Task statement:
Reproduce, exactly and in full, the lines from the one with "Obraz premium Two" through the one with "QUAD-MONITOR STAND - FOR" in the data below; drop pictures.

Excerpted records:
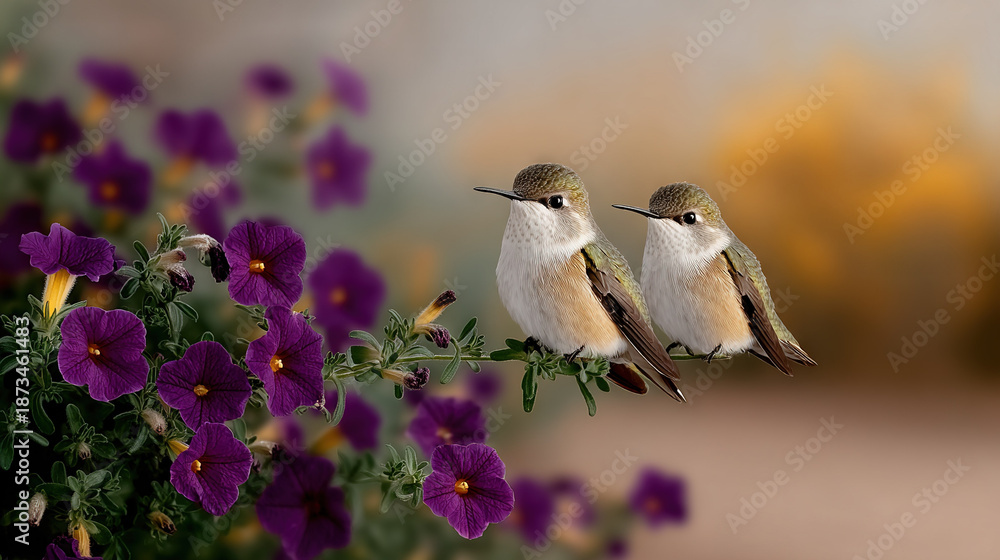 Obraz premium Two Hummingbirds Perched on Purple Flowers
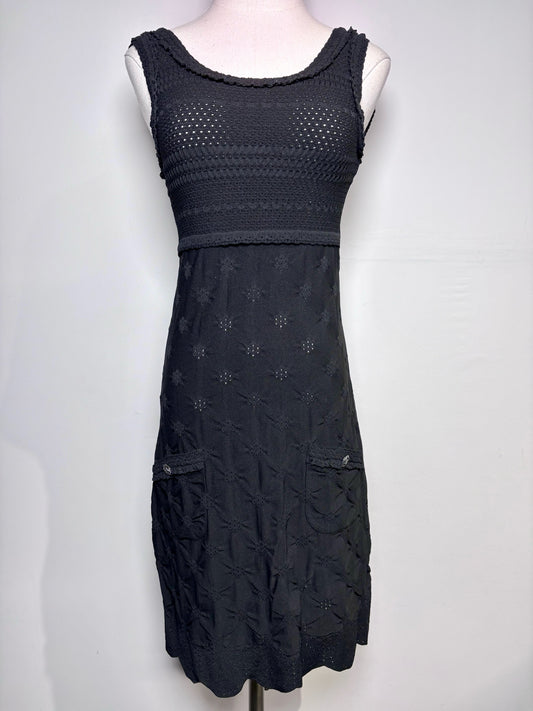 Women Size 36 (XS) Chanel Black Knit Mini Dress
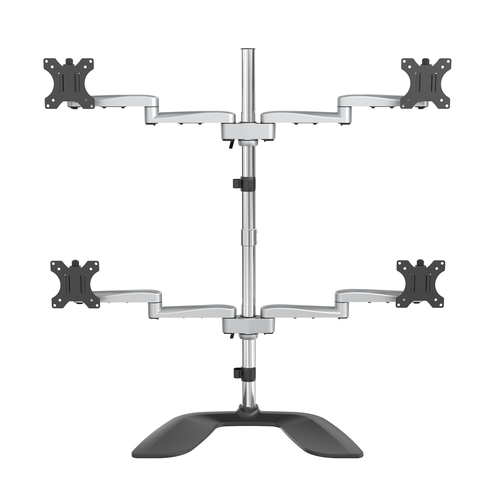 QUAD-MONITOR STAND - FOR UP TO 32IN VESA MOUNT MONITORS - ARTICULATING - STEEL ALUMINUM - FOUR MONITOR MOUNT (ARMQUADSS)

...

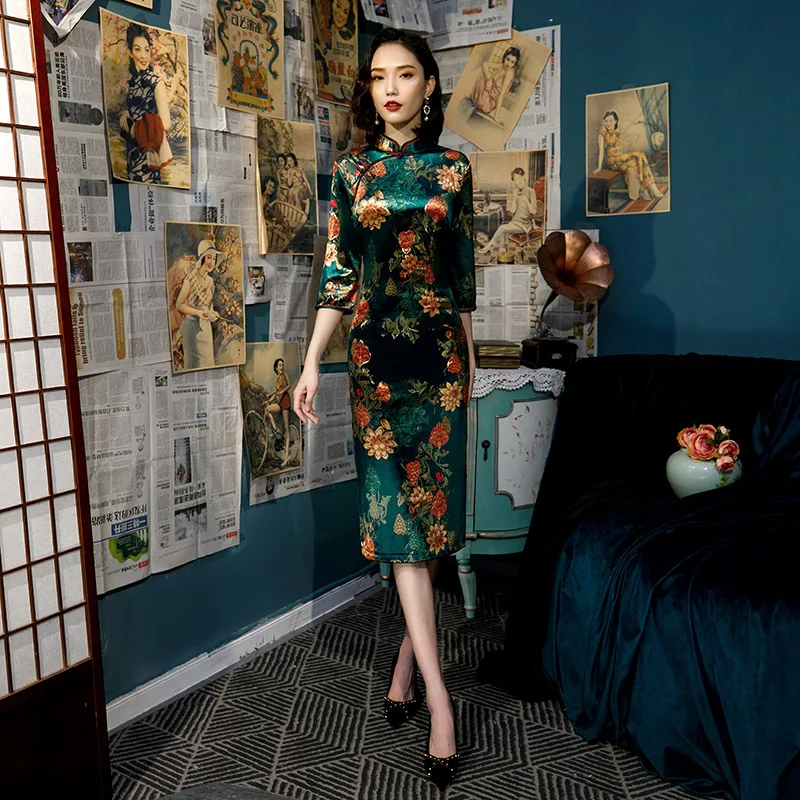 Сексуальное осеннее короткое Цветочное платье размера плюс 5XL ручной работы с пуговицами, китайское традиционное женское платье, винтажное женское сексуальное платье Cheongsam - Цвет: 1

Output below:
 Obraz premium Two Hummingbirds Perched on Purple Flowers
 Women Size 36 (XS) Chanel Black Knit Mini Dress
 QUAD-MONITOR STAND - FOR UP TO 32IN VESA MOUNT MONITORS - ARTICULATING - STEEL ALUMINUM - FOUR MONITOR MOUNT (ARMQUADSS)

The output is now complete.